Alex: I have not yet tried the Schild as I just received my case from California last week. I'm waiting for the wine to settle down from the travel across country. Not sure if it makes a difference, but that is what the "experts" say to do.
David Nerland
Scottsdale —  October 14, 2006 2:12am ET
I would have to pick Lauren Aubert. Probably the chardonnay although I love the pinot.
Guus Hateboer
Netherlands —  October 14, 2006 10:49am ET
No, no, guys, the WOTY will be Leoville-Poyferre 2003, read: Pure cassis on the nose. Impressive. Full-bodied, thick and powerful, with loads of fruit and big, velvety tannins. Goes on for minutes on the palate. Huge wine. Very, very impressive. This is one of the big surprises of the vintage. (95/100). And recognize this? - I have had this wine three times out of bottle, rating it 97 once and 98 twice. It is a colossal success and a potential legend in the making. Its saturated, dense inky/blue/purple color offers up notes of crushed rocks, acacia flowers, blueberries, black raspberries, and creme de cassis.
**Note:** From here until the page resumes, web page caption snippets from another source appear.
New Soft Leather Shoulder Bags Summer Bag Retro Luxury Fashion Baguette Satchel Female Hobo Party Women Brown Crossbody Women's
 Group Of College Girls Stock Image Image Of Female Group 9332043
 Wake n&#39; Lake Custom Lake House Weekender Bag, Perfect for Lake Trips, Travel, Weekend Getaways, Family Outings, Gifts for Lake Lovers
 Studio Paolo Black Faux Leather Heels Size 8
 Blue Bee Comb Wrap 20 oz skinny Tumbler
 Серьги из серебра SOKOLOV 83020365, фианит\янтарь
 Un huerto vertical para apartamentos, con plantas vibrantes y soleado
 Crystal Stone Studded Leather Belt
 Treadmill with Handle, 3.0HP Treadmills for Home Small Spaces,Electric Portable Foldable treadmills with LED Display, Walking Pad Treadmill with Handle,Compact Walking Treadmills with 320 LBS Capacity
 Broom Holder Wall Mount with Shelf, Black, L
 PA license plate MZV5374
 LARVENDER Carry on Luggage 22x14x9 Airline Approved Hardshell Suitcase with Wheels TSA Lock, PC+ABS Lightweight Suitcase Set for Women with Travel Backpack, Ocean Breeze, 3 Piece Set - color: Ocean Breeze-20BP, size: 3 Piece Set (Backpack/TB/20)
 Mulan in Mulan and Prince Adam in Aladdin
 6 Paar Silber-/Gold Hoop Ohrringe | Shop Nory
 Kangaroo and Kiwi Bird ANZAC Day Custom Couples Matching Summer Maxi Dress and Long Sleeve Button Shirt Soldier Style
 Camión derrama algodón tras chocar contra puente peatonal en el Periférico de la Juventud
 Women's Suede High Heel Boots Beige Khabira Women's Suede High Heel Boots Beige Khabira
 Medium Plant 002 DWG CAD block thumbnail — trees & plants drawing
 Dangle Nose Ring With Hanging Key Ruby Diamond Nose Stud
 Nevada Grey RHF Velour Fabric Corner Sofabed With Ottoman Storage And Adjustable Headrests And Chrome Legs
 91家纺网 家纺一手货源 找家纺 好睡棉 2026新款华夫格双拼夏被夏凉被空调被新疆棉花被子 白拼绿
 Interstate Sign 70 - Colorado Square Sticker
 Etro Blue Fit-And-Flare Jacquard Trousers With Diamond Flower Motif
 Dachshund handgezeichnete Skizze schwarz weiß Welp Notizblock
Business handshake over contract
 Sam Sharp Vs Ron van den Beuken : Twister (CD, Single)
A synthesis of power and elegance, this multi-layered wine has spectacular concentration, sweet but high tannin, and low acidity. A stunning effort that showcases this legendary terroir, it is a brilliant, brilliant success. The quintessential Leoville Poyferre? (98/100).I rest my case (in the cellar...).
Harvey Kornicks
Vero Beach,Florida —  October 14, 2006 12:46pm ET
Should the criteria of production and access have anything to do with a top 100 list. I have read the criteria's and just can not except that production or access should have anything to do with it. It leaves out many of the wines that could be included in the list.
Mark Mccullough
GA —  October 14, 2006 12:49pm ET
Based on my experiences and reading that of others on the blogs, the Don Melchor (pick a vintage 00/01/02/03) is consistent ...... consistently a controversy on its rating. I disagree that it excites and impresses all...I bought a case each year and have poured it often over the past few vintages and get wildly different responses from those trying it for the first time. Schild does not have a wow factor, just a nice WS QPR. Command, Branson Coach or E&E Black Pepper blow it away, at a higher price point of course. I think the Alban Syrah Reva 2003 could sneak in as #1. It may come down to which editor is the best persuader rather than the wine.
Sao Anash
Santa Barbara —  October 14, 2006 1:49pm ET
Personally, my WOTY would probably hail from the Pacific Northwest.I'm a big fan of Cali and Oregon Pinots, and think they're some of the most exciting wines on the market today.Having said that, I'd pick a Pinot from California's Central Coast or Russian River Valley, or one from Oregon's Chehalem, Willamette, Hood River, Yamhill or Columbia Gorge Vally's.If I had to choose today, the Kosta Browne Cohn Vyd (Russian River) or something from Beaux Freres or Sineann would be my pick for WOTY.At least one of these should be in the Top 5, in my book.
Alton D Trawick
Sammamish, WA —  October 16, 2006 2:31pm ET
James L: If there is a hunt, your suggestion is exactly how I get in it. Buying 1 or 2 bottles of top rated wines along the way I have found is the best way to replenish my collection every year. It also is an opportunity to experience some new wines, (assuming I am not already a fan). If I happen to hit on the top 1, all the better. When the list comes out, and I don't have it, (assuming it is something I want to try), I might look for it, but not with a vengeance. The main exercise for me every year is matching the top 100 list with what I have already collected. The % is usually high. -Al
Paul Wright
October 22, 2006 10:53am ET
The Schilds is great (and drinking now) and have been able to pick up a few bottles in HK at a very reasonable price but would probably agree it's not quite a #1 (hope it is though). I tried to get hold of the Leoville-Poyferre 2003 locally but couldn't, and that was at double the release price. Could be an interesting contender. We have the same problem with the Don Melchor and vintages here, once the 03 arrives it will be a top 10 wine and prices will go up. I found the 10 years of top 25 wines a couple of years ago really useful and have used it to fill in a few holes when 'bargains' have popped up. The hype tends to pass and price return to 'normal' as another hot wine hits the shelves.